The maverick’s maverick

By David Day

MV_PeckinpahLG

American cinema in the '70s was beyond a golden age, it was bona fide platinum. Babazillionaires like Spielberg and Lucas were just getting their feet wet, Coppola was winning Oscars and auteurs like Altman and Malick were rankling the Hollywood establishment with each feature. But David Samuel "Sam" Peckinpah, who got the jump on all of them, was just straight-up pissing people off.

Having already upset the order in the mid '60s, he roared back with The Wild Bunch, which re-imagined the Western as a bloody mess. He was again banished from Hollywood only to re-emerge in 1971 to direct Straw Dogs—a harrowing account of a man (Dustin Hoffman) driven mad in the English countryside. It features such startling violence, sexual and otherwise, it was banned from video for years.

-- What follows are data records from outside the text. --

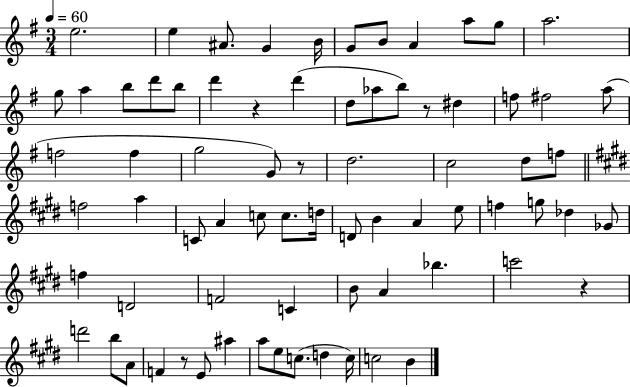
{
  \clef treble
  \numericTimeSignature
  \time 3/4
  \key g \major
  \tempo 4 = 60
  e''2. | e''4 ais'8. g'4 b'16 | g'8 b'8 a'4 a''8 g''8 | a''2. | \break g''8 a''4 b''8 d'''8 b''8 | d'''4 r4 d'''4( | d''8 aes''8 b''8) r8 dis''4 | f''8 fis''2 a''8( | \break f''2 f''4 | g''2 g'8) r8 | d''2. | c''2 d''8 f''8 | \break \bar "||" \break \key e \major f''2 a''4 | c'8 a'4 c''8 c''8. d''16 | d'8 b'4 a'4 e''8 | f''4 g''8 des''4 ges'8 | \break f''4 d'2 | f'2 c'4 | b'8 a'4 bes''4. | c'''2 r4 | \break d'''2 b''8 a'8 | f'4 r8 e'8 ais''4 | a''8 e''8 c''8.( d''4 c''16) | c''2 b'4 | \break \bar "|."
}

Peckinpah's most commercial film, The Getaway (1972), is sometimes cited as his greatest. Starring man-of-men Steve McQueen as Doc McCoy and a red-hot Ali MacGraw as his co-conspirator and wife, it's a roaring, rural, Texas shoot-'em-up beyond compare. Peckinpah's stylistic touches are everywhere, from editing antics to manic kidnapping creeps, but no more so than in the riveting opening sequence. Illustrating McCoy's jailhouse insanity, the sound of prison textile machines roar throughout the credits, surely making audiences squirm. Freeze-frames snap to a climax, when McCoy insanely shreds a crudely crafted sculpture. The famous novel by Jim Thompson allows the lead duo to have sex whenever possible (MacGraw actually ended up leaving her husband for McQueen), get trapped inside a trash truck and drive like total maniacs. As the movie progresses, the gore gets more intense and graphic—MacGraw herself even starts blowing people away.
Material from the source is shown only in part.